The school system is often described as slow and inflexible. Implementing major changes in education and their nationwide adaptation is very difficult, especially in Germany, due to the federal structure. Although the introduction of a subject that would teach children media skills was requested more than a decade ago, very little has been done to make it happen. Children are very rarely learning programming skills, although many employers in all working spheres require such knowledge .

What the Schools Can’t Afford, Startups Will Do

There are a few startups trying to fill this gap and give children the tools they need to make their way in an increasingly digital society. The Berlin-based startup Learning by Making is offering workshops for children between the ages of 8 and 12. Among other things, the kids learn in a playful way how to program and use robots or 3D printers.

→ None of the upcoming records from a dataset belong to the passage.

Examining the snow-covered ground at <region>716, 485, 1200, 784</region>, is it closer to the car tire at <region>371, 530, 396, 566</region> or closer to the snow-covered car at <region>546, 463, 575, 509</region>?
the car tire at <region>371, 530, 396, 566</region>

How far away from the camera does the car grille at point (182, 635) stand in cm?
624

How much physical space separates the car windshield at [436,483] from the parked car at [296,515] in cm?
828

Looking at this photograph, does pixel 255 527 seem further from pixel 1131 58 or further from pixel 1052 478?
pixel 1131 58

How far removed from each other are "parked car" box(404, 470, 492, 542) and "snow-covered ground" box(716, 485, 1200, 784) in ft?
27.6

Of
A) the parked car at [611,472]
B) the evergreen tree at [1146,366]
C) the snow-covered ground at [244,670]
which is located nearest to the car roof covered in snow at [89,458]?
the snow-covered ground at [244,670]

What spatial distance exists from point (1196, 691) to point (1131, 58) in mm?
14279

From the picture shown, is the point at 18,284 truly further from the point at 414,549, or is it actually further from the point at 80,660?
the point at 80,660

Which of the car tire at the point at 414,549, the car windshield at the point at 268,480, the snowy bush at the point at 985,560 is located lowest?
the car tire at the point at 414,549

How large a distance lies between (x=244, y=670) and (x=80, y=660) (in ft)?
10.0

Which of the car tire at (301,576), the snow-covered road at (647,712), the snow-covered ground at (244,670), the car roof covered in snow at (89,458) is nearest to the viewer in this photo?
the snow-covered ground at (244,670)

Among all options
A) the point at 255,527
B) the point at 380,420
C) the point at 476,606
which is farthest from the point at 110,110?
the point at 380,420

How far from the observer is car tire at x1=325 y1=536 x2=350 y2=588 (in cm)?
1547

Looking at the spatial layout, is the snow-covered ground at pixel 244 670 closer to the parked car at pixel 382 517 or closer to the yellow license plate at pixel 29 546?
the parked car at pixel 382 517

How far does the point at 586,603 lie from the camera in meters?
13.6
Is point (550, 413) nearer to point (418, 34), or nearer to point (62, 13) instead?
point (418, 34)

Learning by Making is a merger of two startups. The first one is the Tablet Academy, which educates schools about the impact that digital learning and teaching can have. The second startup is the EduHeroes Club, teaching children digital skills. With their strengths combined, the two founders also want to make parents, teachers and policy makers aware of the number of digital learning methods and of the importance of digital knowledge and skills.

“We want to bring innovation into learning. We want to open minds of teachers and other school administrators to show them all the great innovative solutions there are out there in education,” Annemike Frank, the co-founder of the startup confirmed during our visit of her workshop space in Berlin Schöneberg.

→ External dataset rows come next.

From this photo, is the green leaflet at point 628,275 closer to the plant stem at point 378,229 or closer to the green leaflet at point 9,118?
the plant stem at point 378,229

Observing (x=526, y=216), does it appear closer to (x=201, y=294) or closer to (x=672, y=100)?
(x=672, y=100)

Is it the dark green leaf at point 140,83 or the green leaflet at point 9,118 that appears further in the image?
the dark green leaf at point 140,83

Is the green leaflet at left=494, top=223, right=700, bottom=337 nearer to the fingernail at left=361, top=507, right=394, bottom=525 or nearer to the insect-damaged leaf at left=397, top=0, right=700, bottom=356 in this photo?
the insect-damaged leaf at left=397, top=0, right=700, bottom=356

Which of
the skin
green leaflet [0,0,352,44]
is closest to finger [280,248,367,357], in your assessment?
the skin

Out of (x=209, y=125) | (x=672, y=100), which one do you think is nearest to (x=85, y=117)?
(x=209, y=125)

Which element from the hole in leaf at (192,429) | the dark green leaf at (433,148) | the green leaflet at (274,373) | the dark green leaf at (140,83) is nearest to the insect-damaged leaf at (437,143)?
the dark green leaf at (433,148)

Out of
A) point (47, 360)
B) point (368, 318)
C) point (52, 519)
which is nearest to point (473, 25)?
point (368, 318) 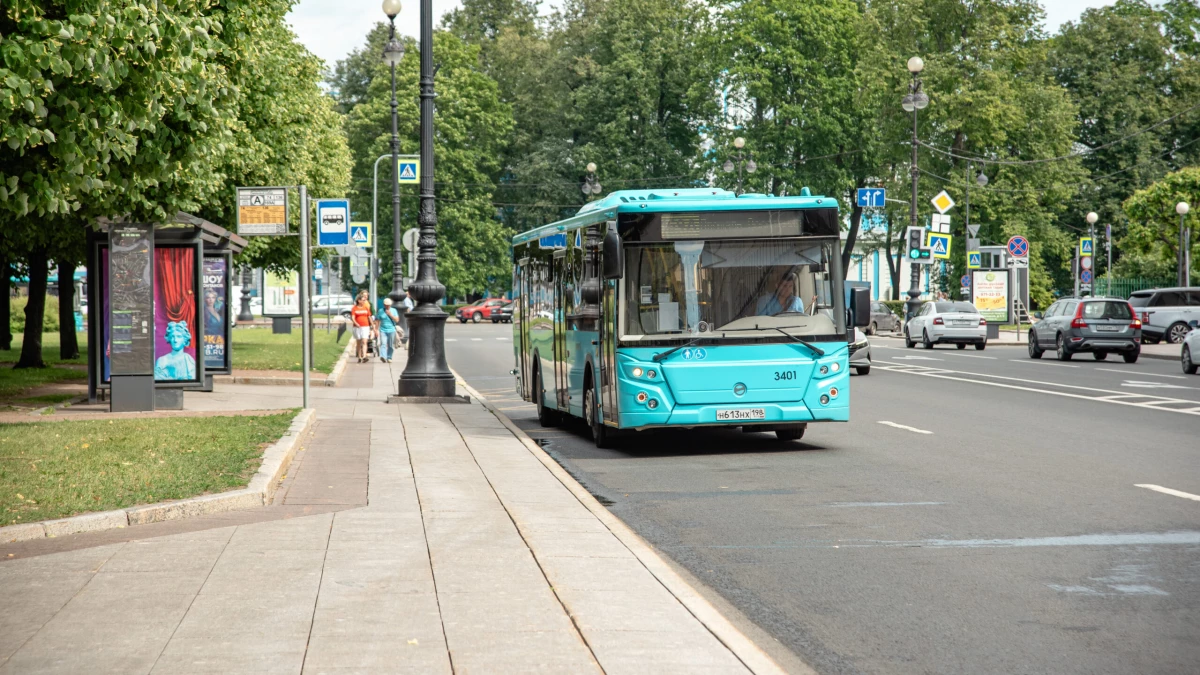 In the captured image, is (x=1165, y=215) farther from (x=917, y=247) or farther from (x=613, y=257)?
(x=613, y=257)

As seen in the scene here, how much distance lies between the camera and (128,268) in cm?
1884

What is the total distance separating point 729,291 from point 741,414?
4.02 feet

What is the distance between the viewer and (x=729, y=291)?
46.6 feet

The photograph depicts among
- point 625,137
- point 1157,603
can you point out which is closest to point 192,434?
point 1157,603

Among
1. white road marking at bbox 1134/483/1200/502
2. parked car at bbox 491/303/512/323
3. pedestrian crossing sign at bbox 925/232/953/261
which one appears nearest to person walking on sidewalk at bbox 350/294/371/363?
pedestrian crossing sign at bbox 925/232/953/261

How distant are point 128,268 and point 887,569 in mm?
13659

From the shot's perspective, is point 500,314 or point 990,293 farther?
point 500,314

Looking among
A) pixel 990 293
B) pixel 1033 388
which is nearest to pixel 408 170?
pixel 1033 388

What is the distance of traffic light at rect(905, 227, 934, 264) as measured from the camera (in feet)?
161

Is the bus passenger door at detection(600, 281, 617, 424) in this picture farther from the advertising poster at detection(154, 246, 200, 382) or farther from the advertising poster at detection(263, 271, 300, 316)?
the advertising poster at detection(263, 271, 300, 316)

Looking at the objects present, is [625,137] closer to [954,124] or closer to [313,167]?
[954,124]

Learning Programming with Robots in a Playful Way

The small room with a large front window facing Akazienstraße, where the Learning By Making’s office is located, is full of robots, laser cutters and other equipment. Meanwhile, there are many start-ups on the market, but also some established companies that specialize in building robots for kids.

The cute robots from Robo Wunderkind, for instance, look like slightly larger Lego bricks. Children can assemble them in different ways, attach wheels and then program them using an app.

The much smaller Ozobot robots combine creativity and programming, letting kids both craft and paint. All kids need are a few coloured pencils and a white sheet of paper. The children can then draw a line on the paper with a felt-tip pen. Depending on the colour used, the Ozobot speeds up or slows down when driving independently along the drawn route. Of course, the kids can program various markings using an app.

Little robot Ozobot following a path on a white sheet of paper drawn by a special black permanent marker.

The workshops offered by Learning by Making are designed to be playful using all these various technologies, as Annemieke Frank also confirmed: “Our workshops are not: teacher is standing there, telling the kids what to do, but kids actually go on their own learning journey. So we always have a very awesome, vivid story. You’re saving the world with robots, you are a hero and then we bring the kids together and and the coding part is just a byproduct of having fun.”

Learning By Making Aims to Create Mobile Digital Learning Spaces All Over Germany

At the moment, the startup is focusing on workshops for children. However, they also plan to offer workshops for students and young enthusiasts. Annemieke would especially like to address prospective teachers as a target group and further establish mobile learning spaces.

Annemieke Frank told us what the main goal is: “Where we want to go, we want to start with actual mobile learning spaces. So this is something to create an environment, where learning can happen outside schools. So the big vision is to have them all over Germany.”